Children with Down's syndrome suffer many diseases among which cardiovascular diseases, increased susceptibility to infections, leukemia, endocrine alterations, immune defects, nutritional disturbance and mental retardation have clinical relevance. It has been suggested that the pathogenesis of Down's syndrome involves reactive oxygen species arising from a mutation in gene encoding, which disproportionately elevates superoxide dismutase activity. Reactive oxygen species and total antioxidant capacity were evaluated using two new spectrophotometric methods in a selected group of 40 children with Down's syndrome and in 20 apparently healthy children used as controls. Reactive oxygen species were significantly higher (p <0.05) in children with Down's syndrome than in controls: 452 (+/- 72) U.Carr vs. 270 (+/- 66) U.Carr respectively. Total antioxidant capacity was significantly higher (p <0.05) in controls than in children with Down's syndrome: 380 (+/- 52) micromol hypochlorous acid (HCLO)/ml vs. 281 (+/- 33) micromol HCLO/ml, respectively. In fact, thiol groups (sulfhydryl) were significantly higher (p <0.05) in controls than in children with Down's syndrome: 644 (+/- 78) micromol/l vs. 462 (+/- 54) micromol/l, respectively Our data show how to simply measure chemical indices of oxidative status in serum samples from children with Down's syndrome. We determined the plasmatic activities of reactive oxygen metabolites and oxidative defense molecules. Accumulated macromolecular damage may be one of the causes of some of the abnormalities that are considered part of the syndrome. Therefore, children with Down's syndrome have to cope with a significant prooxidant environment. Oxidative stress causes alterations such as atherosclerosis, early aging, immunological default and neurologic disorders in Down's syndrome patients. The new test available for measuring reactive oxygen species in serum proved to be reliable and useful as an early marker of tissue damage.

A simple test to monitor oxidative stress.

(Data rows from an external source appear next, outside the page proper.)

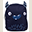 Zainetto Piccolo Mostriciattolo 21 x 26 x 10 cm - Blu
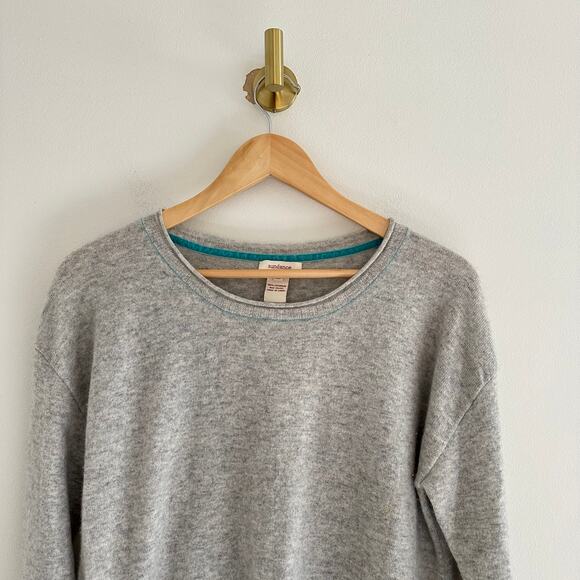 Sundance Cashmere Front Pockets Pullover Sweater Gray XS - Picture 3 of 7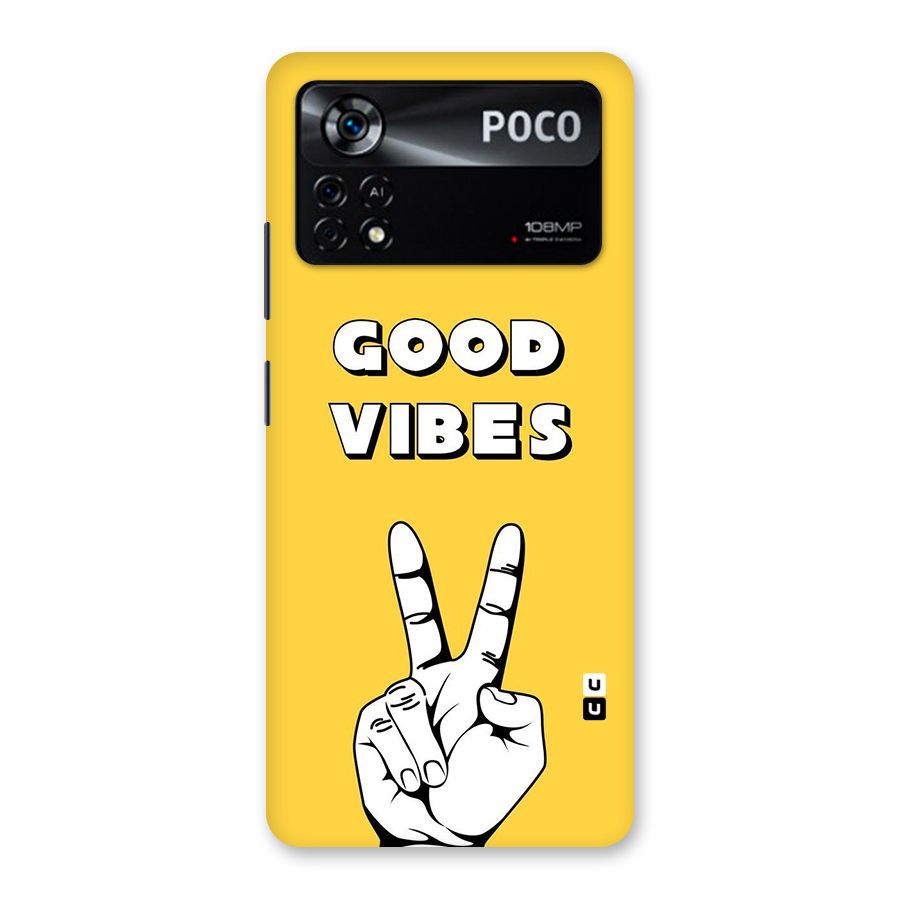 Good Vibes Victory Back Case for Poco X4 Pro 5G
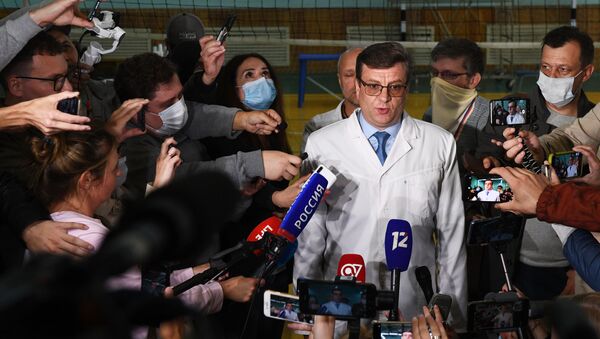 Le médecin en chef de l'hôpital des soins d'urgence N°1 d'Omsk, Alexandre Mourakhovski - Sputnik Afrique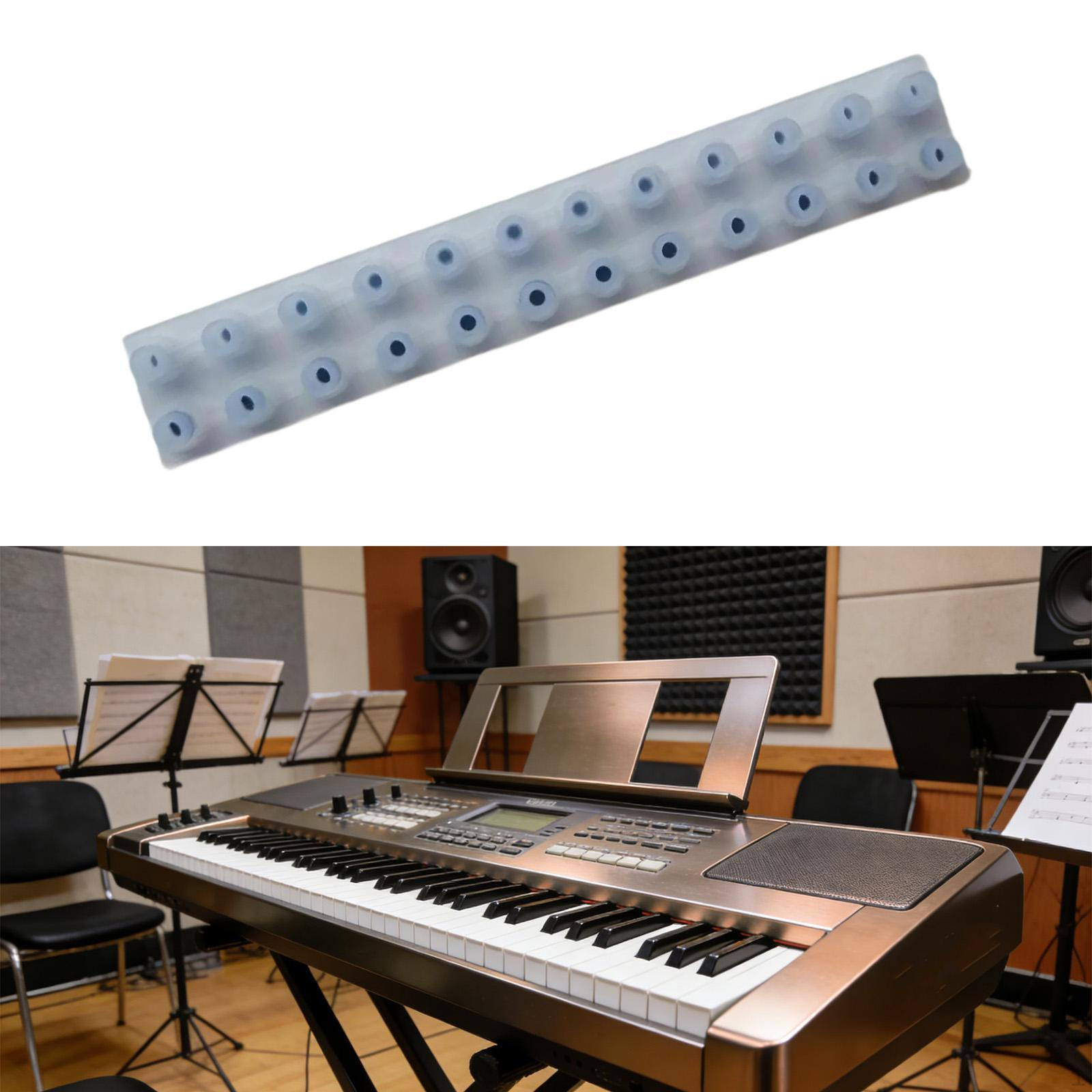 5 Conductive Keycaps for Piano Keyboards, Suitable Digital Pianos 1 Strips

BACKGROUND: The role of oxygen free radicals is considered important in the development of cardiovascular disease. However, until recently determination of free radicals plasma levels and the effect of antioxidant therapy on these levels has been difficult. The aim of the study was to determine the oxidative stress and the effect of the antioxidant compound AR(D) Stenovit on this stress in normal subjects and patients with intermittent claudication after oral administration for one week. METHODS: A portable, free radicals (FRs) determination system (D-Roms test, Diacron, Grosseto, Italy) was used. This test is based on the ability of transition metals to catalyse in the presence of peroxides with formation of FRs which are trapped by an alchilamine. The alchilamine reacts forming a coloured radical detectable at 505 nm. The reagents utilised are the cromogen (R1, an alchilamine) and a pH 4.8 buffer (R2). Ten microl of hemolysis-free serum are to 1 ml of R2 and to 10 microl of R1. The sample is mixed, incubated (1 min; 37 degrees C) and read for optical density. After another minute, the sample is read again. The average delta A/min is multiplied by a K factor and calculated using serum with defined value. RESULTS: In normal subjects the mean (+/-SD) levels of free radicals were 312+/-49 U.CARR (Carratelli units) before treatment and 218+/-33 U.CARR after treatment (p<0.05). A decrease of at least 10% was detected in every subject. In patients with peripheral vascular disease the mean (+/-SD) levels of free radicals were 404+/-42 U.CARR before treatment and 278+/-33 U.CARR after treatment (p<0.02). A decrease of at least 15% was detected in every patient (medium value 31%). CONCLUSIONS: The D-Roms test provides a simple, inexpensive and practical method to identify subjects with a high level of oxidative stress and to demonstrate the effect of treatment. The compound AR(D) Stenovit is effective in reducing circulating free radicals. Its action on the progression of atherosclerotic disease should be assessed in future studies.